Jeżeli wśród moich czytelników jest ktoś, kto nie przepada za żeberkami, po spróbowaniu takich na pewno zmieni zdanie :) Delikatne, mięciutkie, łatwo odchodzące od kości mięsko z chrupiącą skórką i przenikającymi się aromatami miodu, musztardy, czosnku i cytryny, podbiją niejedno serce :)
Słodki miód, przełamany ostrą musztardą i cytryną, delikatny aromat czosnku... to mówi samo za siebie, a ja pisząc ten post czuję się głodna :))
Przygotuj:
- żeberka (około 10 porcji)
- 10 łyżek naturalnego miodu (użyłam gryczanego - ma ciemniejszy kolor i mocniejszy smak niż miód wielokwiatowy)
- 10 łyżek musztardy, najlepiej ostrej (u mnie w dużych słoiczkach z Develey'a)
- sok z połowy cytryny
- 6 ząbków czosnku
- sól
- olej do smażenia
Żeberka solimy, wkładamy do marynaty, obtaczamy w niej i zostawiamy pod przykryciem na dzień-dwa w lodówce.
Z marynaty wyjmujemy żeberka i smażymy na rozgrzanym oleju ze wszystkich stron na złoty kolor. Lubię używać do tego patelni grillowej, charakterystyczne paski na mięsie są bezcenne :) ale zwykła patelnia też dobrze się sprawdzi.

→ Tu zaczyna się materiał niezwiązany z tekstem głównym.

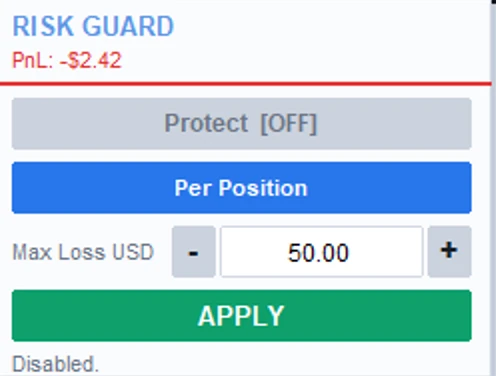 Mini panel RISK GUARD VIRTUAL TP LITE - toggle Protect, scope Per Position, dan kolom Max Loss USD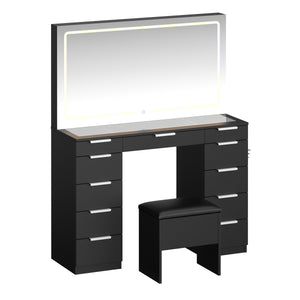 Schminktisch mit Licht und Hocker AURA schwarz
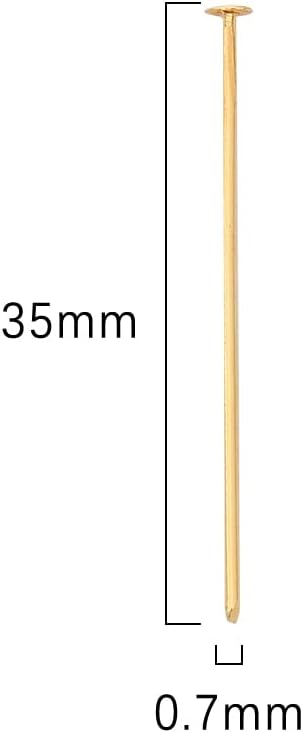 18K Gold Plated Flat Head Pins Non Tarnish 35mm 200pcs for Jewelry Making Findings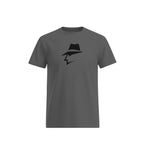 Gray t-shirt with a head logo on a white background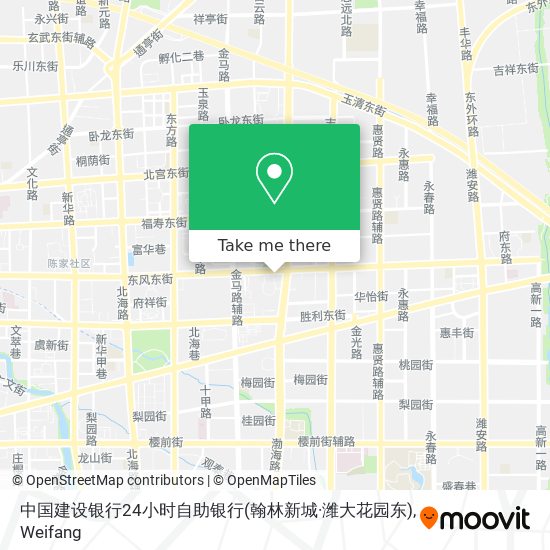 中国建设银行24小时自助银行(翰林新城·潍大花园东) map
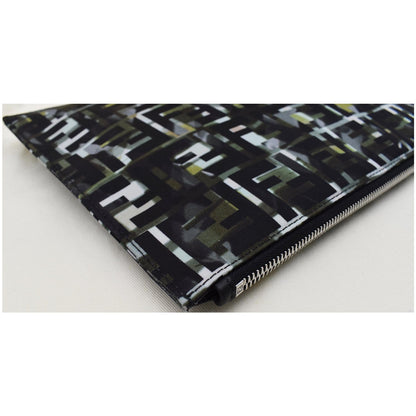 FENDI Camouflage FF Print Nylon Wristlet Pouch Multicolor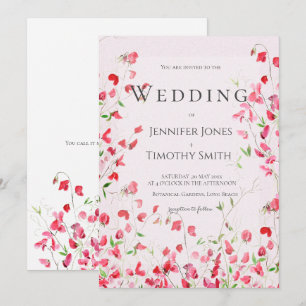 Rosa Süßerbsen Aquarell 2 Einladung zur Hochzeit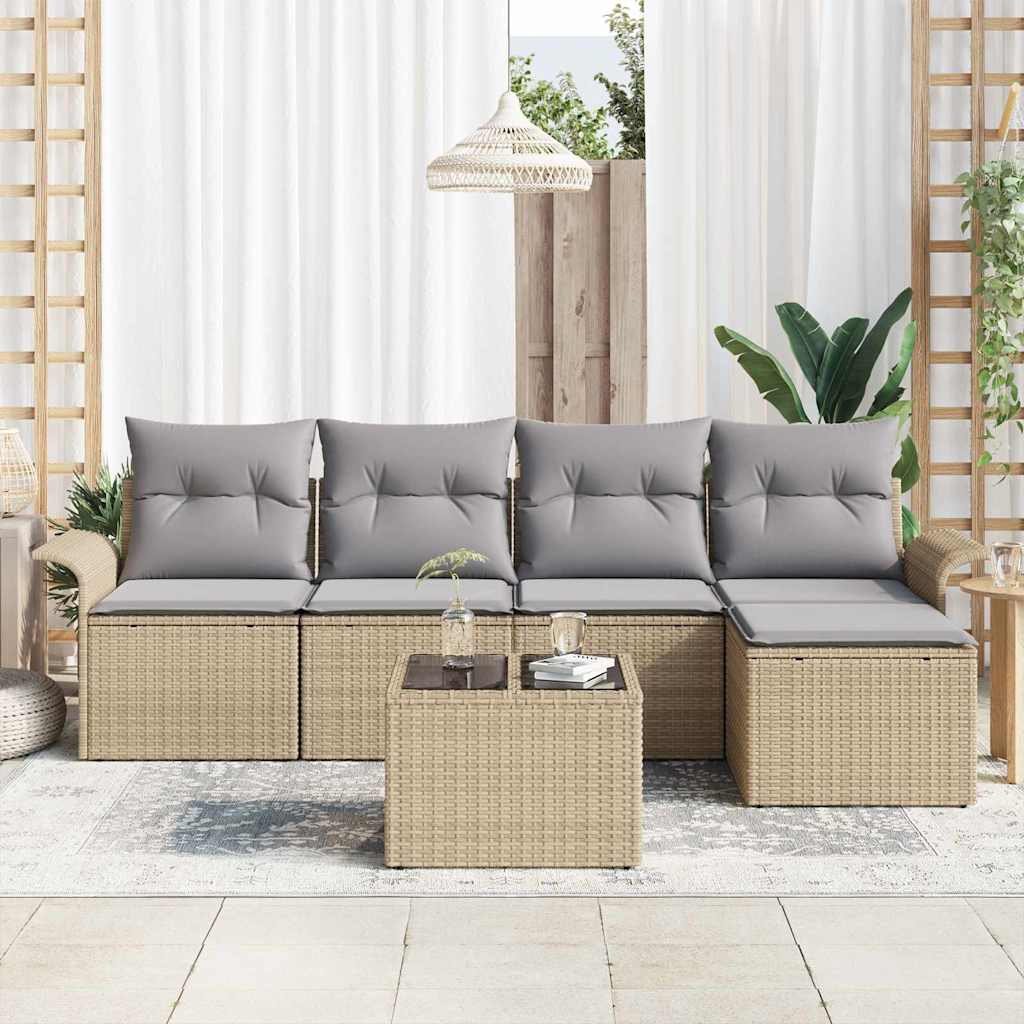 Kültéri kanapé párnával 6 pcs Bézs polirattan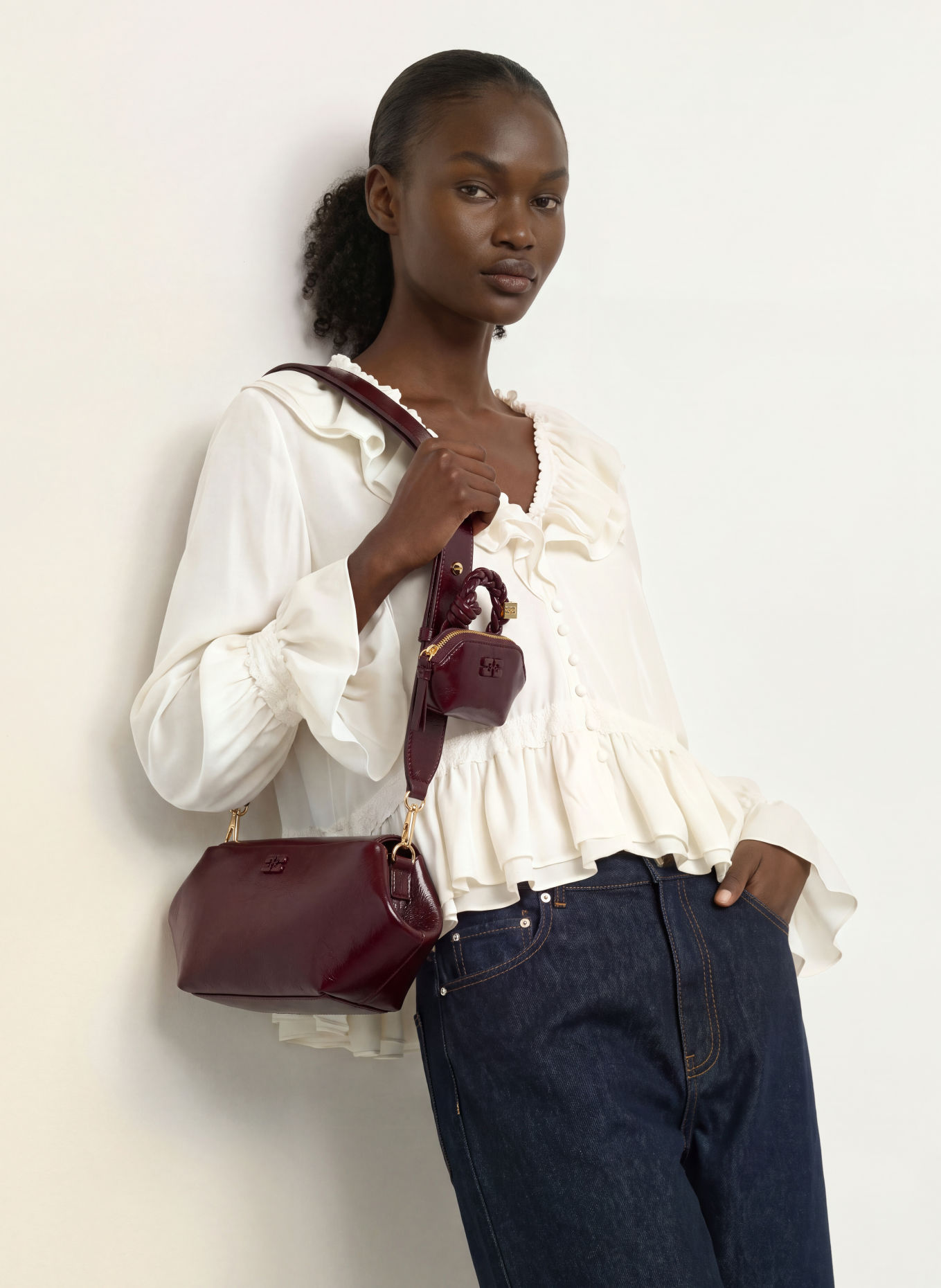 GANNI BOU Crossbody bag: DARK RED / GOLD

Obsmażenie sprawi, że nasze żeberka będą baaardzo soczyste.
Ładnie obsmażone żeberka umieszczamy w naczyniu żaroodpornym lub rękawie do pieczenia, dolewając do nich pozostałą w misce marynatę. Pieczemy około 1,5h w 180 stopniach, 15 min przed końcem pieczenia zdejmujemy pokrywę naczynia/rozcinamy u góry rękaw i zwiększamy temperaturę piekarnika do 200 stopni - skórka ładnie się zrumieni i będzie chrupiąca.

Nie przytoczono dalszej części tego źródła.